How long can California remain an agricultural giant in America

USDA photo. 

Could California's attack on agriculture be fatal blow?

We’ve heard how California’s Mediterranean Climate coupled with its rich soils is a perfect mix for producing hundreds of crops for human and animal consumption. We know too that other areas in the state that aren’t fit for producing crops do well to raise livestock.

The honest question then becomes: where else in the United States can this be replicated?

That’s not a sarcastic, rhetorical question – it’s an honest one because if another place exists and the people who run that area aren’t overtly anti-agriculture like California is, then brace yourselves for a mass migration of farmers to your region.

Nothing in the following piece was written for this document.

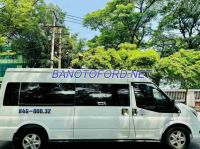 Ford Transit 2023 Van Minivan màu Trắng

The next California exodus could be almost biblical in proportion given that every one of those leaving will have effectively one thing in common: they once profitably produced food and fiber.

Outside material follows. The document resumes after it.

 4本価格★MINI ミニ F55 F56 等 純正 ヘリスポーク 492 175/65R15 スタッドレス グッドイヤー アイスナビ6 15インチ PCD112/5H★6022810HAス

I recently spoke on the phone with an ag industry leader who suggested he’s looking for another state that grows tree nuts. The implication is maybe that state will be friendlier to agriculture than California is.

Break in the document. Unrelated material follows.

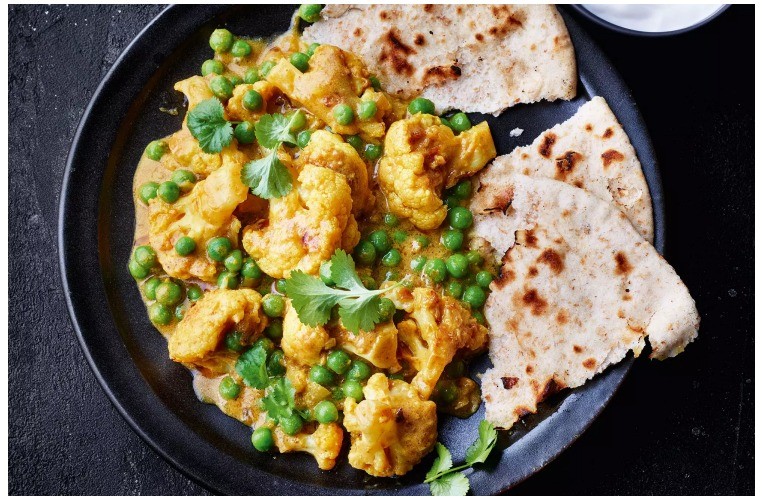 Creamy cauliflower & pea korma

For the stories that eloquently spell out why large-scale, commercial farming is better on the environment and the anecdotal reports of just how much those involved in agriculture give back in terms of time and capital to their local communities, there are others like this that suggest America doesn’t want farmers doing what they do anymore – at least not on this continent.

That’s certainly the case in California, where legislators and regulators regularly accept invitations from farm groups to tour commercial agriculture operations one week, then the next are back in their business suits inventing more ways to make it impossible for those same farmers to produce food and fiber.

 It’s difficult to be optimistic when things like this happen.

This should frighten consumers who, if they’d actually think this out, would see the dangers of ceding food production to foreign markets, where in some cases, chemical pesticides that are not even allowed in the United States, are used on produce before it is shipped to the U.S.

But that apparently does not matter as I just read consumers are more concerns with “shared values” than facts. Good luck finding those between the hard-working farmer and urban do-gooders who elect politicians to legislate their morality on the rest of us.